Maurer pointed out that Syria now appeared to be split into fairly clearly defined territories, and said the "big actors" seemed ready to work towards "consensus to stop the war and to go into a phase of more tranquility."

'Post-big-battle era'?

"I have the impression we are at a little bit of a threshold moment," he said, adding that he believed "we are entering the post-big battle era."

The Damascus regime has retaken large parts of Syria since 2015 with Russia's backing, but opposition groups with Western backing still control most of the northern Idlib province.

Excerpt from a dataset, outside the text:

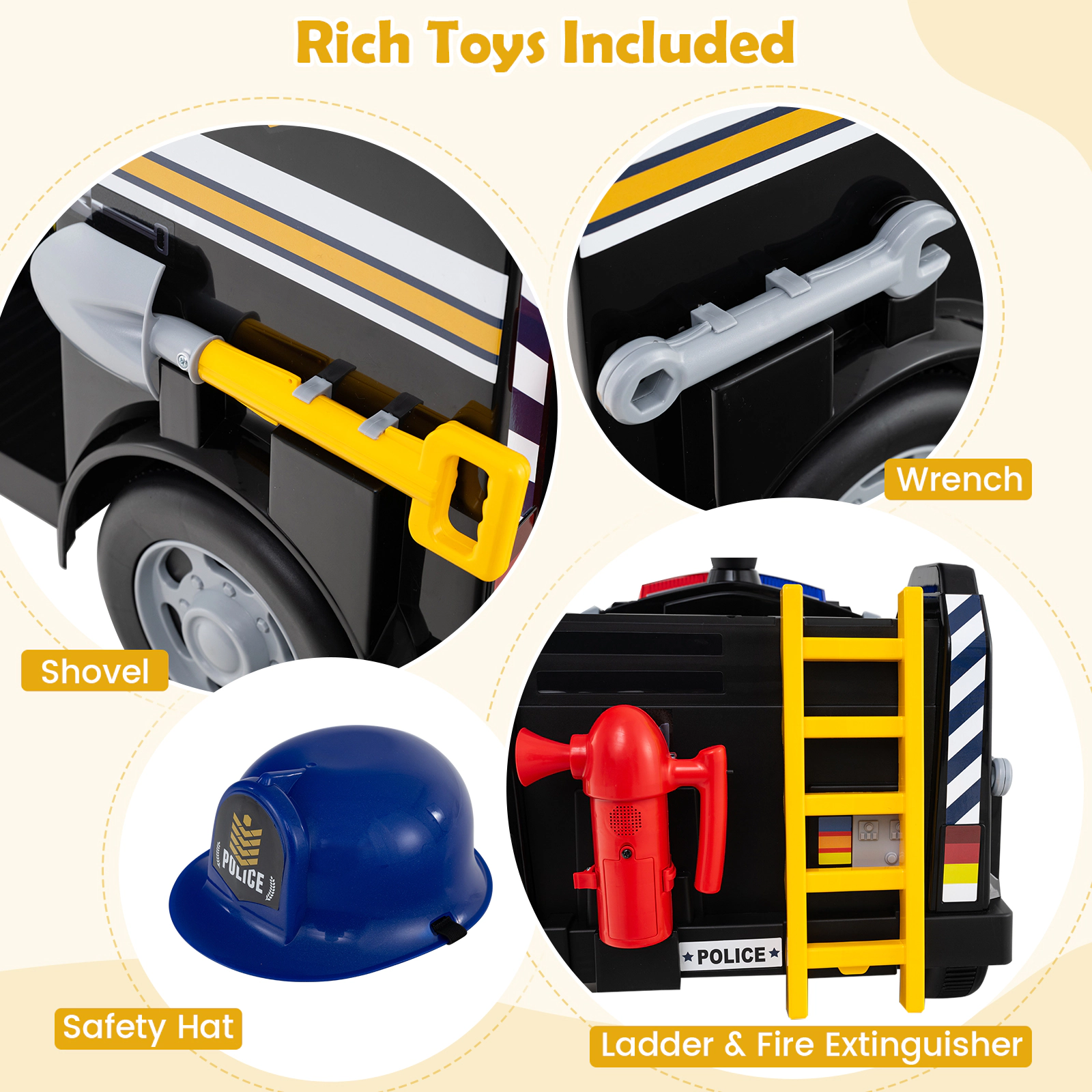 SUGIFT 12V Ride-On Fire Truck Toy Car with Shovel and Wrench 55-lb Capacity Ages 37-95 Months Black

Turkey also controls an area in the north after launching an operation into Syria in January to root out the Kurdish People's Protection Units (YPG) militia in the Afrin enclave.

Maurer acknowledged that the situation could still spiral in a "dangerous" direction.

But he said his recent visits to Moscow and other capitals had convinced him there was now a "minimal consensus" to stabilise the country.

Peter Maurer, President of the International Committee of the Red Cross, says
the Syria conflict may be changing (AFP Photo/HAMZA AL-AJWEH)

Despite a relative calm in a number of places across the country, Maurer stressed that "humanitarian assistance (must) continue to go into Syria, because ... there are a lot of humanitarian needs."

But he said the nature of the assistance would evolve in many places away from pure emergency assistance towards "protection activities".

Chance of normalcy?

Such activities include helping reestablish basic services, assisting people to find lost family members and also help provide protection to avoid communities coming under attack.

ICRC said it had received some 13,000 tracing requests from people looking for loved ones since the start of the conflict, with the number of requests soaring 25 percent in 2017.

This increase, Maurer said, indicated that people were no longer focused only on emergency needs but could concentrate more on broader necessities.

These include reestablishing basic services in relatively stable areas that people want to return to, he said.

Maurer insisted that this should not be seen as a reconstruction bid -- a controversial issue that is politically fraught, with widespread disagreement on whether to work with the regime of President Bashar al-Assad to rebuild the country.

"When you bring a mobile medical clinic in to a destroyed city in Syria to which people are returning, that is not reconstruction. That is to us rehabilitation."

Maurer said he believed there was "the chance in Syria, with a little bit of support to bring back normalcy to Syrians," adding though that "just to do minimal humanitarian assistance won't do the trick."